Records from a dataset:

▼

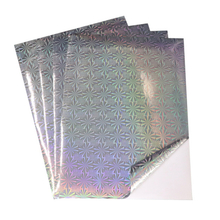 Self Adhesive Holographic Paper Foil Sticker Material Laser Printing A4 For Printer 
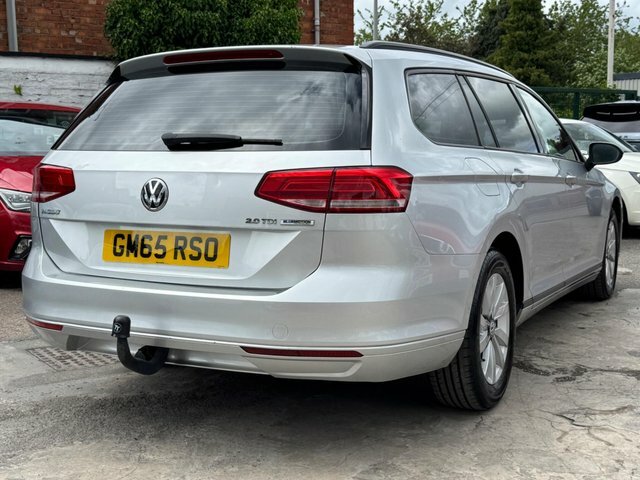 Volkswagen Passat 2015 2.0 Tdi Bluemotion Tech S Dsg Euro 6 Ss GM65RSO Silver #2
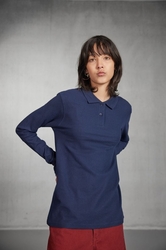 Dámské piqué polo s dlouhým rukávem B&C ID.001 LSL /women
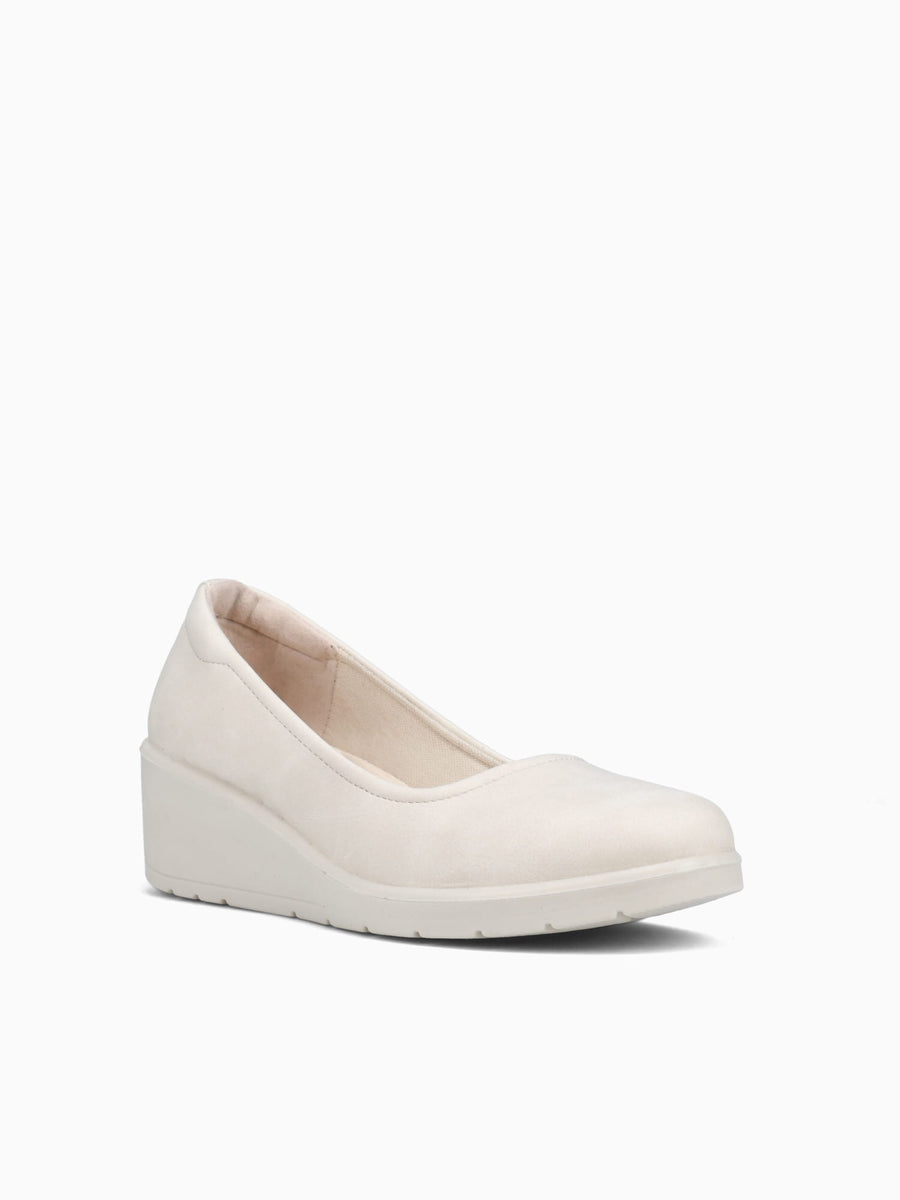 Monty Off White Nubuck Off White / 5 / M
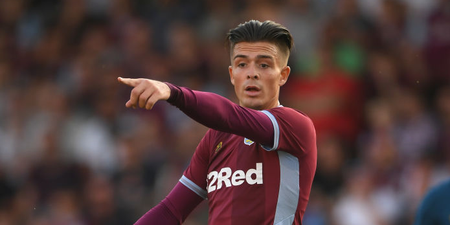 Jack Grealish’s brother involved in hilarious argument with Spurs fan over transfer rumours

▲

● Exercise
Copy out the entries exactly. No pictures.

● Answer space
 Self Adhesive Holographic Paper Foil Sticker Material Laser Printing A4 For Printer 
 Volkswagen Passat 2015 2.0 Tdi Bluemotion Tech S Dsg Euro 6 Ss GM65RSO Silver #2
 Dámské piqué polo s dlouhým rukávem B&C ID.001 LSL /women
 Monty Off White Nubuck Off White / 5 / M
 Jack Grealish’s brother involved in hilarious argument with Spurs fan over transfer rumours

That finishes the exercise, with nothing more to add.